In the meantime I have been working with 120MHz K70s and 150MHz K61s but have always been using the workaround for retriggering the TDAR in an Tx interrupt routine. It has been possible to deactivate various workarounds with the new devices but I never tried removing this just yet. I will have a go at the next opportunity to see whether it is related to a revision or not (the interrupt is otherwise not actually needed so it woudl be nice to be able to remove it).

Regards

Mark

cfgmgr · ‎09-10-2012

Hi Mark,

Thanks for the quick reply! I guess I'll leave the workaround in as well until I can fix it properly. Someday we'll get to the bottom of it!
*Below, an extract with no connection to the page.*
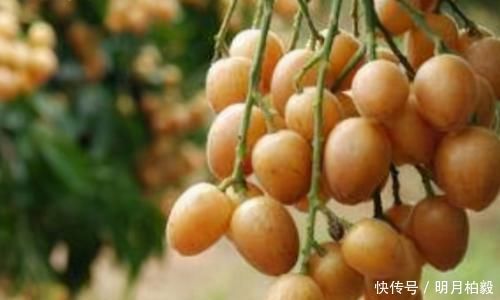 爱美女性担心老太快，要坚持吃3种食物，补充营养、增强体质！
Incidentally, I too am having issues with "late collisions", but because of a rather unconventional way we have our ethernet modules daisy-chained together (TX of one device feeding the RX of the next, and so on in a big ring) my PHY chips always come up in 1/2-duplex, no matter how they are programmed. This is another problem (possiby related) that I need to look into as well...

Cheers,

-bill

PaoloRenzo · ‎09-20-2012

Hi All:

Even more late :-)

As Mark pointed out, this is a race condition with the xmit portion:

--------------------------------------------------------

static err_t

low_level_output(struct netif *netif, struct pbuf *p)

{

.... //Filling buffers and stuff like that

/* only one task can be here. wait until pkt is sent, then go ahead */

/* semaphore released inside isr */

/*start expiring semaphore: no more than 3 ticks*/

/*no blocking code*/

xSemaphoreTake( xTxENETSemaphore, 3/*1/portTICK_RATE_MS*//*portMAX_DELAY*/);

/* Request xmit process to MAC-NET */

enet->tdar = MACNET_TDAR_TDAR_MASK;

return ERR_OK;

}

-------------------------

ISR_PREFIX

void vENETISRHandler( void )

{

unsigned long ulEvent;

portBASE_TYPE xHighPriorityTaskWoken = pdFALSE;

#if (MACNET_PORT==0)

volatile macnet_t *enet = (macnet_t *)MACNET_BASE_PTR;

#else

volatile macnet_t *enet = (macnet_t *)(MACNET_BASE_PTR+MAC_NET_OFFSET);

#endif

/* Determine the cause of the interrupt. */

ulEvent = enet->eir & enet->eimr;

enet->eir = ulEvent;

/*Tx Process: only aware of a complete eth frame*/

if( /*( ulEvent & MACNET_EIR_TXB_MASK ) ||*/ ( ulEvent & MACNET_EIR_TXF_MASK ) )

{

/* xmit task completed, go for next one! */

xSemaphoreGiveFromISR( xTxENETSemaphore, &xHighPriorityTaskWoken );

}

/*Rx process*/

{

...//more stuff

}

/*Error handling*

{

...//more stuff

}

portEND_SWITCHING_ISR( xHighPriorityTaskWoken );

}

--------------------------------------------------------

After that fix I was not able to see other packets get stuck for next xmit.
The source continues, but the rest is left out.